_WHAT YOU SHOULD DO_
Go to the line with "WISH BONE THOUSAND" in the entries below and write out every line from there through the line with "Produit Puzzle en", exactly and without pictures.

_RECORDS SHOWN_

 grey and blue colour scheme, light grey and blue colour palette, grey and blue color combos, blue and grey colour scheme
--
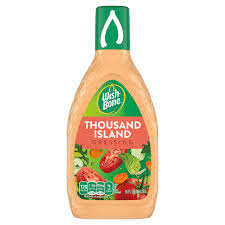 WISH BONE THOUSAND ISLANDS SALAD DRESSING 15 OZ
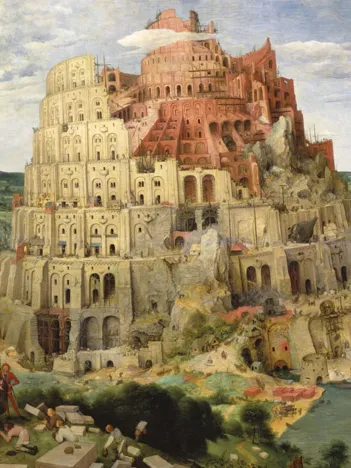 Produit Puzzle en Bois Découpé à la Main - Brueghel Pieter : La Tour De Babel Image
--
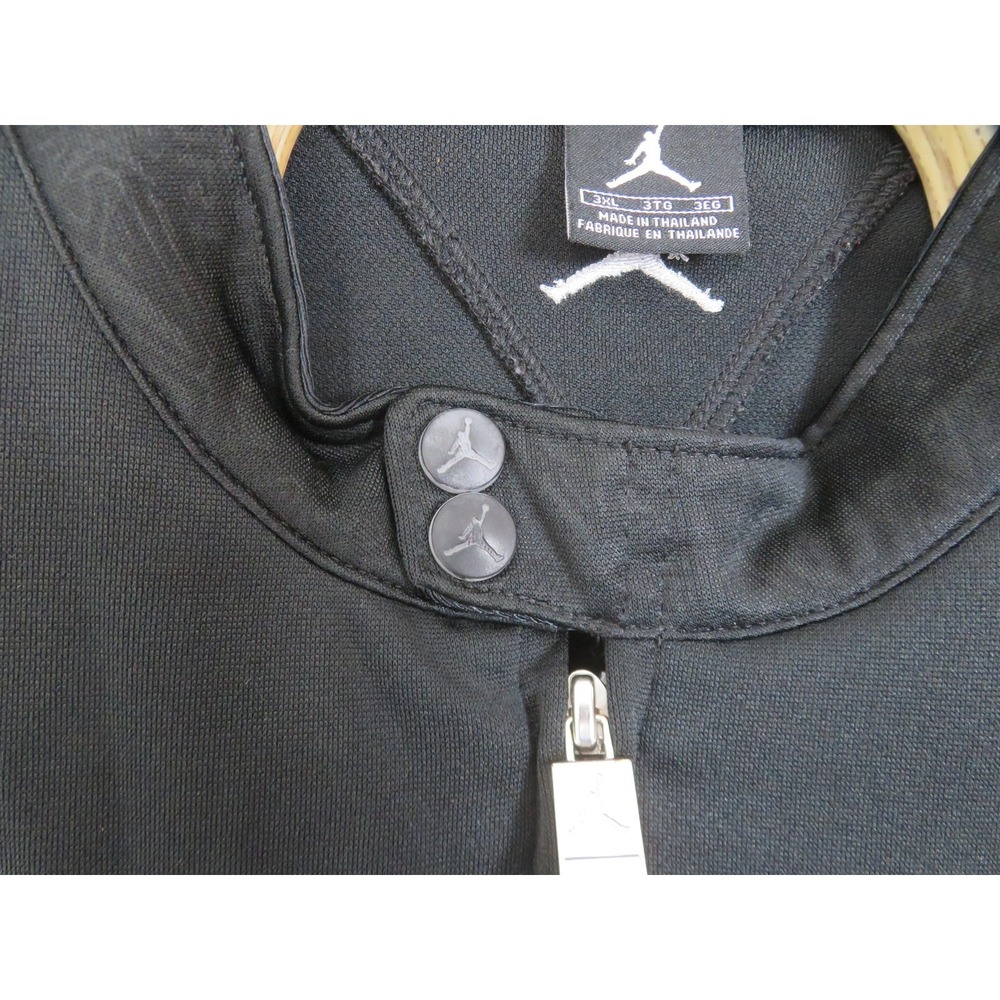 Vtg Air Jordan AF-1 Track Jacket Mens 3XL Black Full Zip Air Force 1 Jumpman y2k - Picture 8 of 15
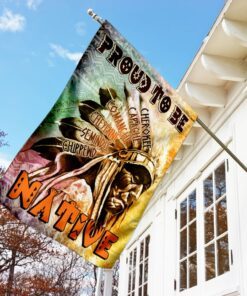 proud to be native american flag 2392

_EXPECTED ANSWER_
 WISH BONE THOUSAND ISLANDS SALAD DRESSING 15 OZ
 Produit Puzzle en Bois Découpé à la Main - Brueghel Pieter : La Tour De Babel Image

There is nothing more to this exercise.